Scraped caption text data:
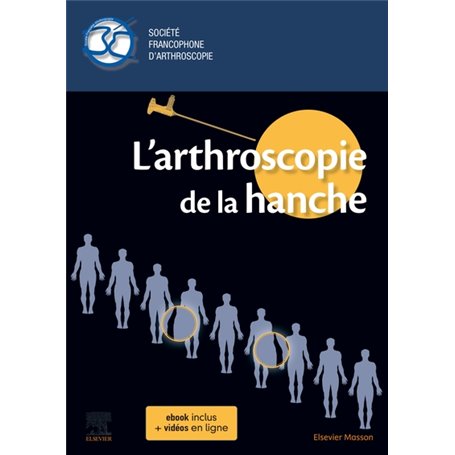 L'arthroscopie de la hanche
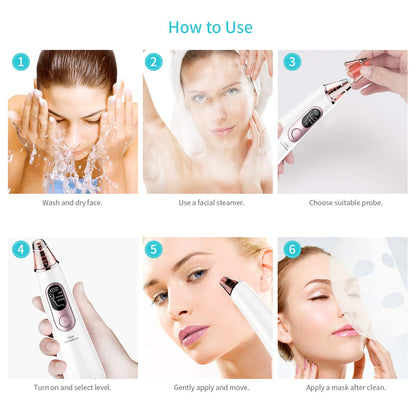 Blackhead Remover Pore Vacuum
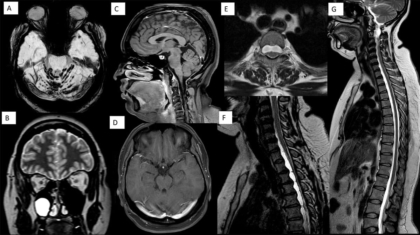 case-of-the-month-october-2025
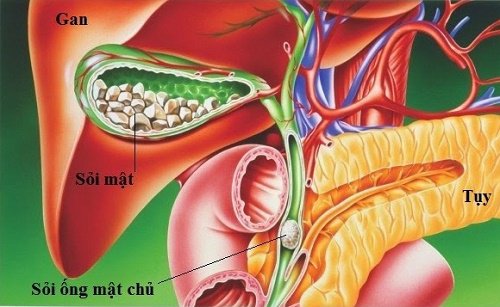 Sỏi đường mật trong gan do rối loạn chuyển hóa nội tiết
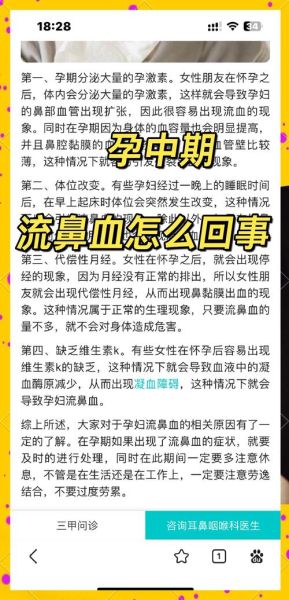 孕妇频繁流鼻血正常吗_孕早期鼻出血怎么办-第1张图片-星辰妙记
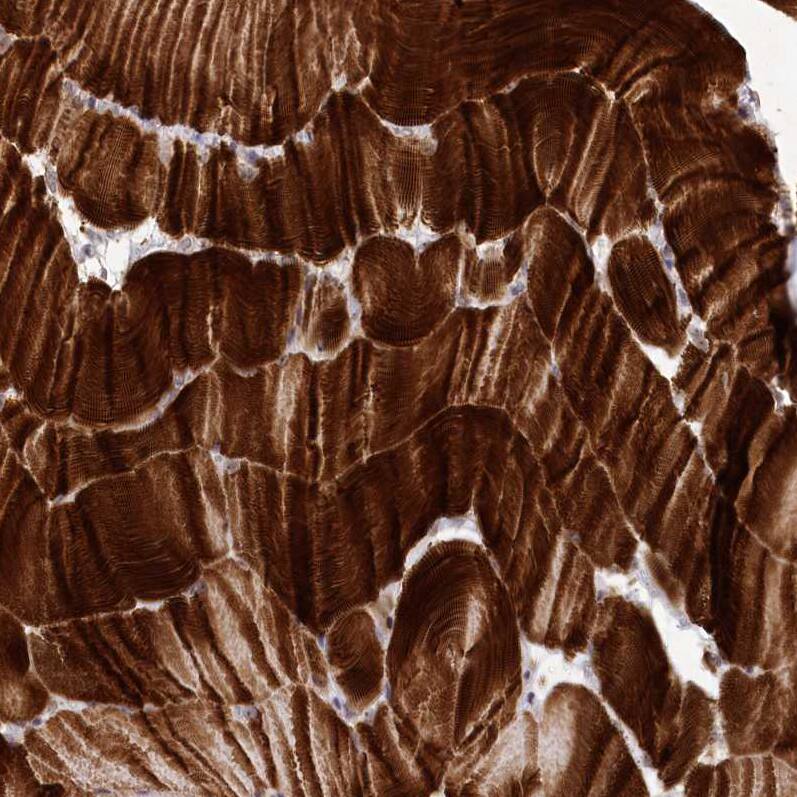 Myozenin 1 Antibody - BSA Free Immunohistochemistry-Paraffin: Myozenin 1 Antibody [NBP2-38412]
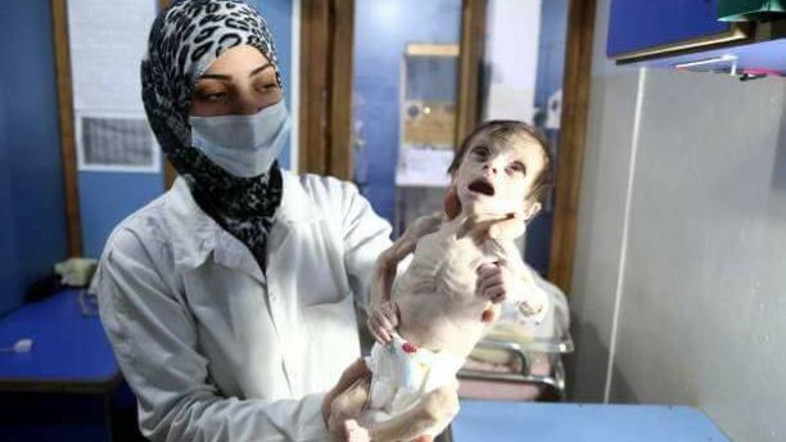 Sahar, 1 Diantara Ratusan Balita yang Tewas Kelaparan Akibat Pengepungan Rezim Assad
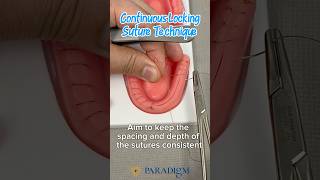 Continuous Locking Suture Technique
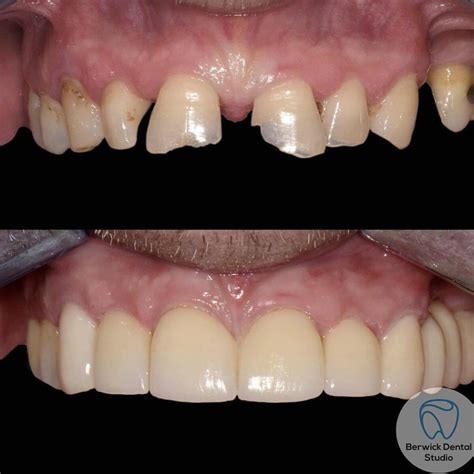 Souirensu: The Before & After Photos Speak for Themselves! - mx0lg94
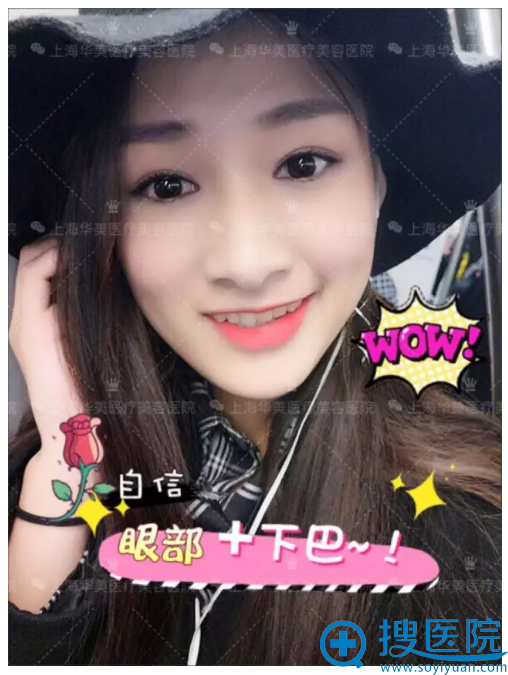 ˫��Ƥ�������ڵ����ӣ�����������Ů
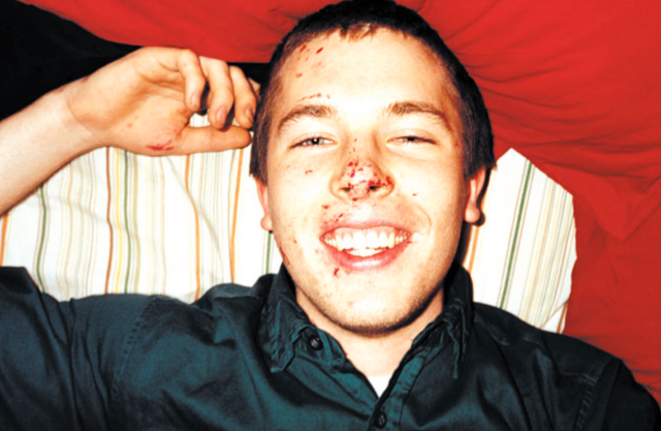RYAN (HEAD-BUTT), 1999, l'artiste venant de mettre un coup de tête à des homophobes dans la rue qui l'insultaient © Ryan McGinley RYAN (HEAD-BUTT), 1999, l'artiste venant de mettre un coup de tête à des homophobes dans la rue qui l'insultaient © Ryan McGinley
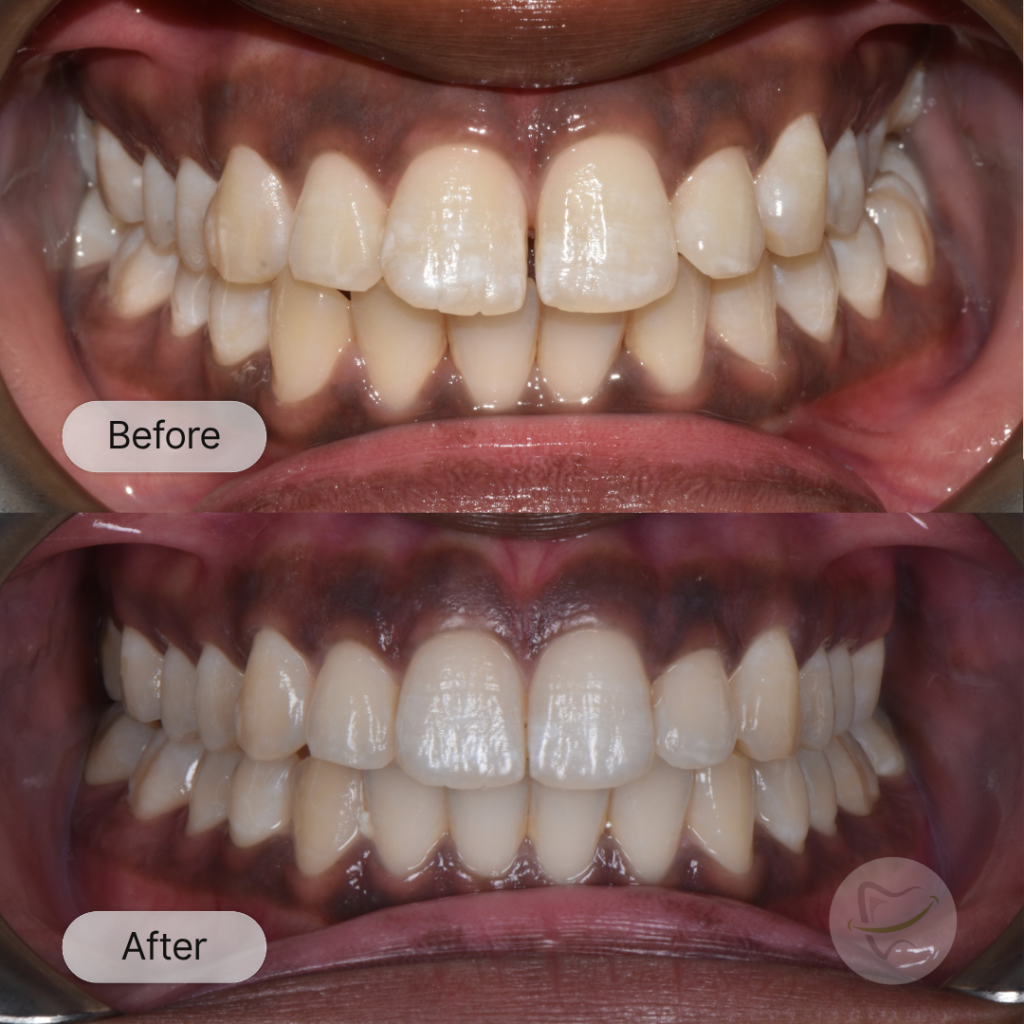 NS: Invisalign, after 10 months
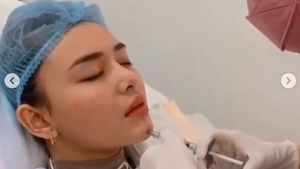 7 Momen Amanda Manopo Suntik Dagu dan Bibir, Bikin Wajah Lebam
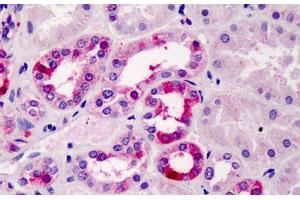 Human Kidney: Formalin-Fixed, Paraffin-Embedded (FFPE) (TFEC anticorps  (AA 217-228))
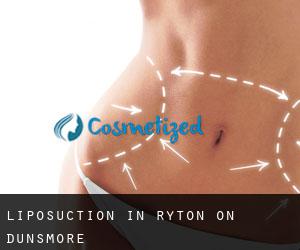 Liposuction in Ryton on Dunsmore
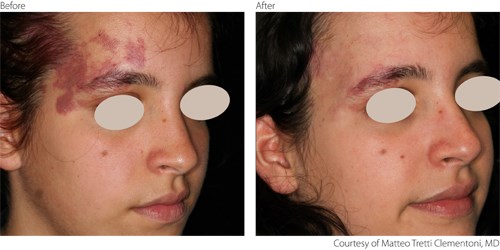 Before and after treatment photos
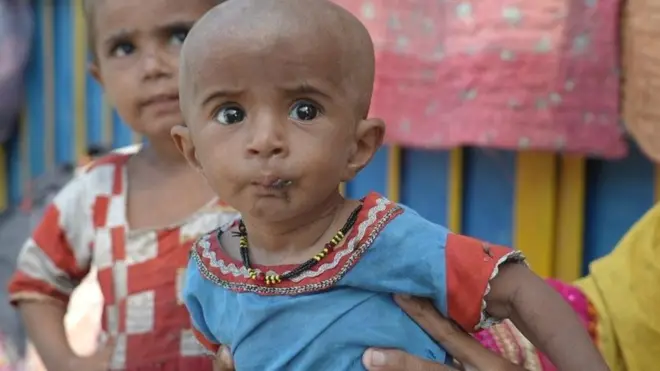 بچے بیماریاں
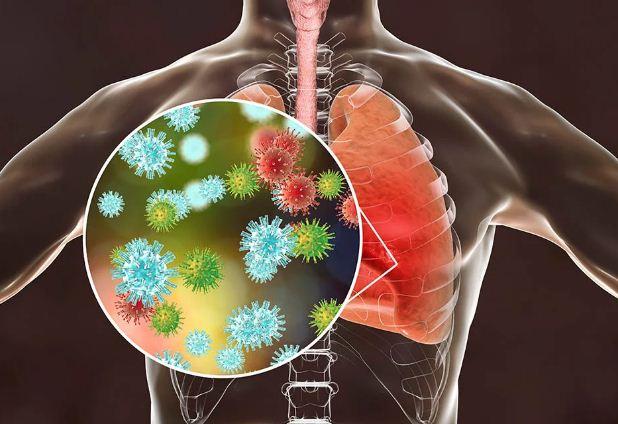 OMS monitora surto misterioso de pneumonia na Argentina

_What you will do_
Leaving the pictures out, give again word for word each line from the one holding "Human Kidney: Formalin-Fixed, Paraffin-Embedded" through the end of the records.

_Reply_
 Human Kidney: Formalin-Fixed, Paraffin-Embedded (FFPE) (TFEC anticorps  (AA 217-228))
 Liposuction in Ryton on Dunsmore
 Before and after treatment photos
 بچے بیماریاں
 OMS monitora surto misterioso de pneumonia na Argentina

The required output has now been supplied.